In 1928, a group of Hollywood film studio artists drew “the ideal screen type.” An amalgamation of the famous disembodied parts of Hollywood stars, the ideal screen type was doe-eyed and fair, holding her willowy arms at a coy akimbo. Beside the artists’ illustration of the composite ideal appeared the remarkable photographic image of the composite ideal’s real-life double: silent film star Anita Page.
Hollywood constantly measured the perfection of it’s starlets beauty against ideal types. The examples include Norma Talmadge, Pola Negri, Clara Bow, Gloria Swanson, Gilda Gray, Aileen Pringle, Mary Pickford, and Greta Garbo.

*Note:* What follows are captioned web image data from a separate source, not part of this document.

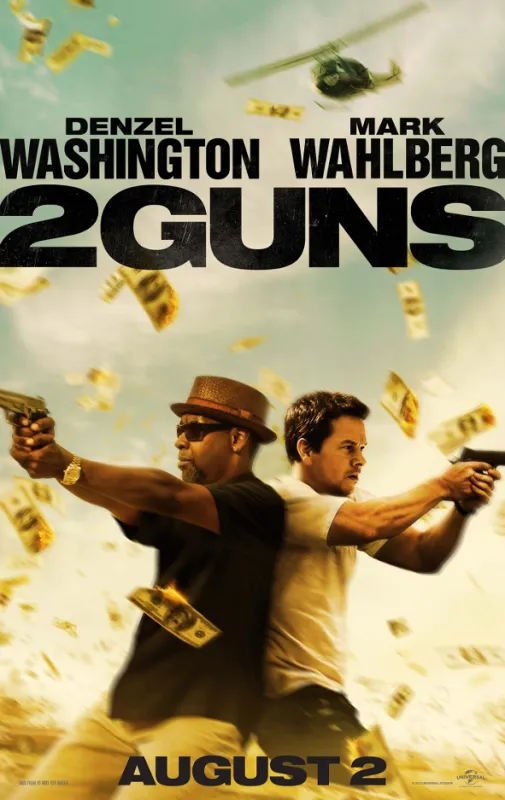 Nezastaviteľní (2 Guns), 2013 - fotogaléria
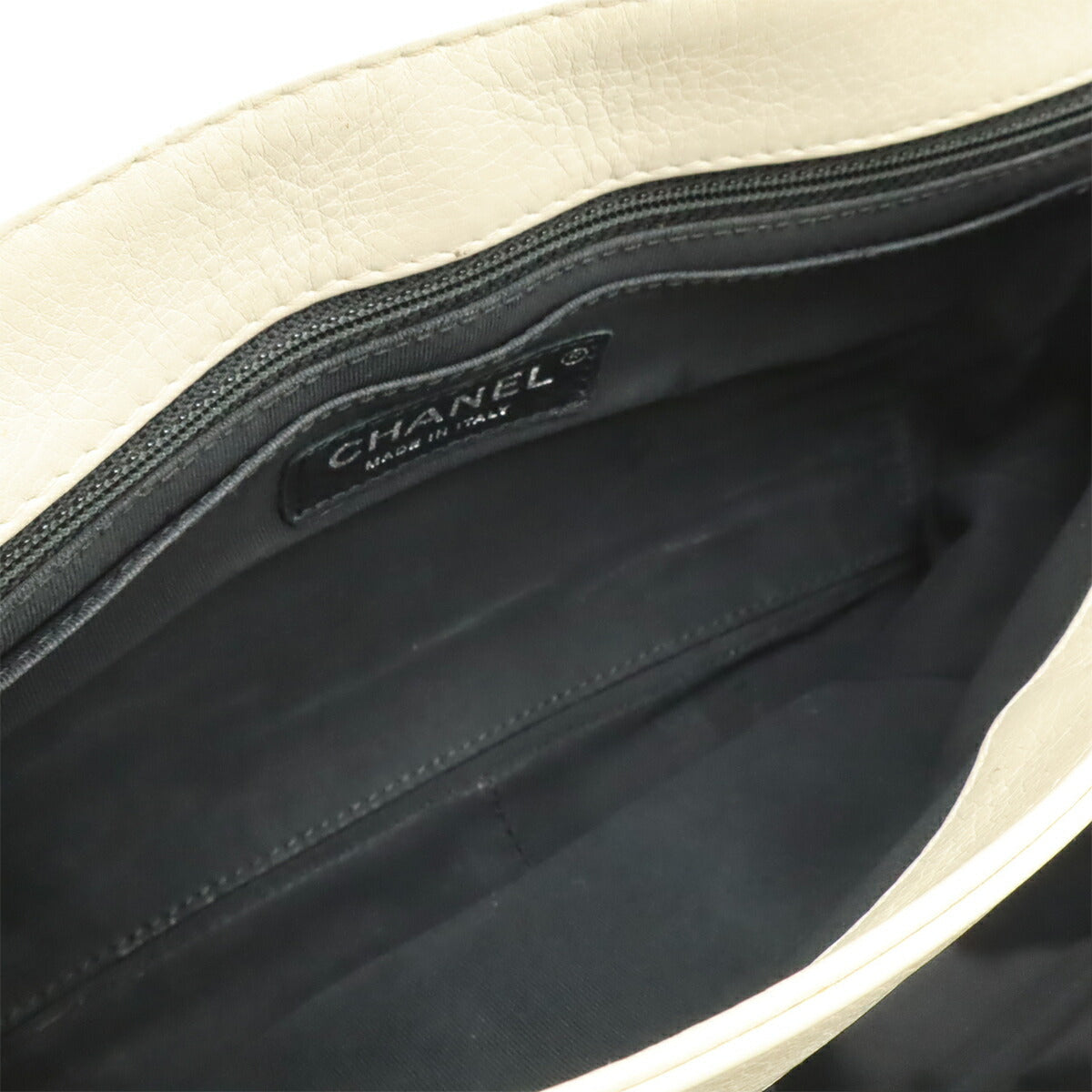 シャネル アーキシック レザー2wayショルダーバッグ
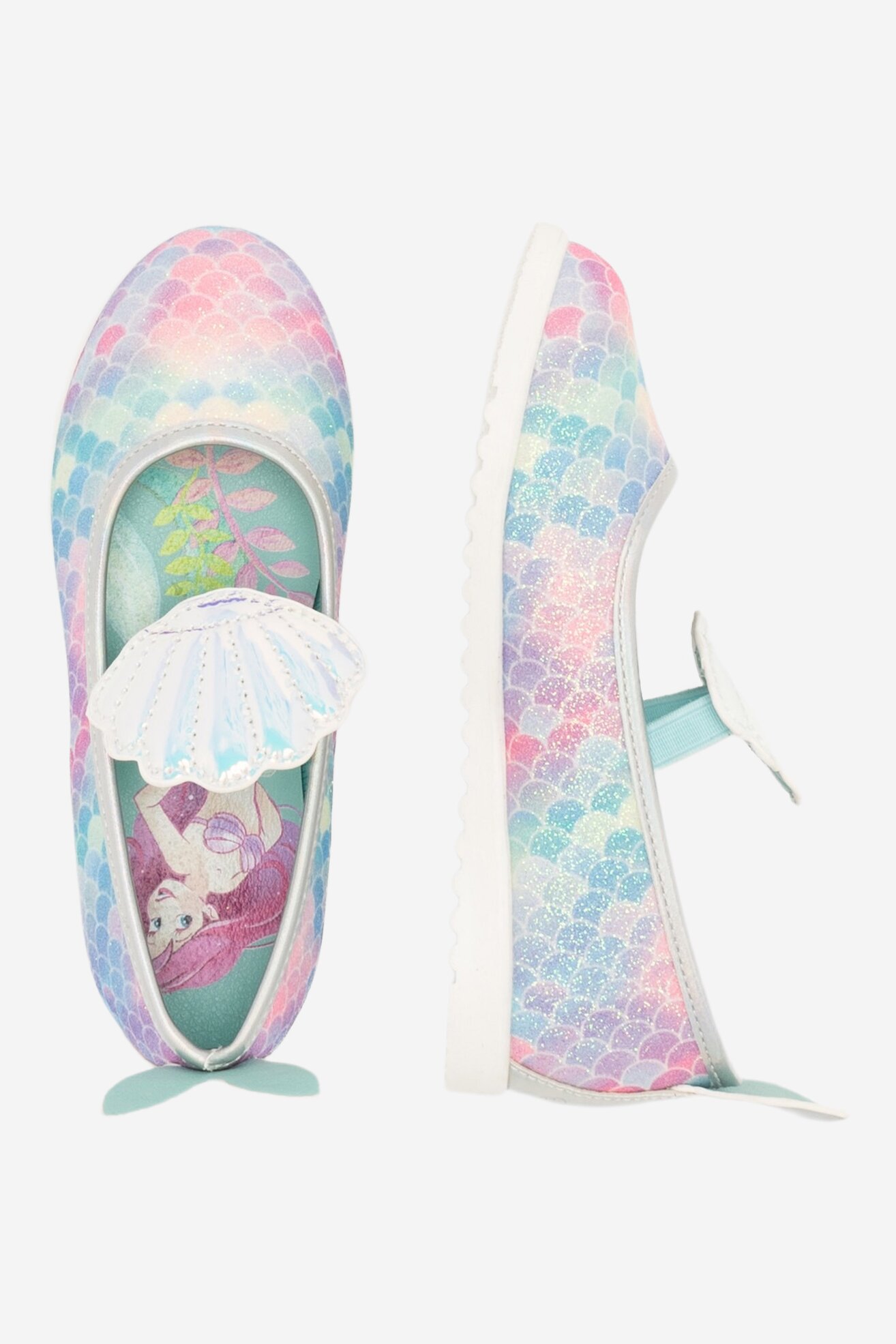 Балерина DISNEY PRINCESS CM220714-17DPRN МИКС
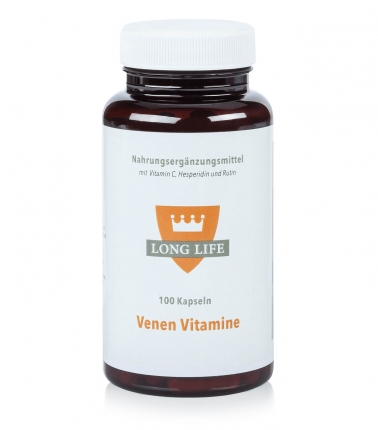 Venenvitamin mit Rutin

Born Anita Pomares, in Flushing, Queens, Salvadoran-American silent film star Anita Page possessed a beauty that was uncannily familiar: the eyes of Mary Pickford, the smooth white arms of Clara Bow, and the wasp-waist of Bebe Daniels. Had the camera trained its lens more closely upon Anita’s exquisite nose, this shot would have recorded her beautifully-full Latina nose as well. But beyond her composite physicality, Anita was also described as simultaneously both “a blonde, blue-eyed Latin” and “The Most Beautiful Girl in Hollywood.” No other Latina actress in Hollywood of the 1920s and 30s, aside from Anita Page, achieved star status without either effacing or caricaturing the Latin aspects of her body.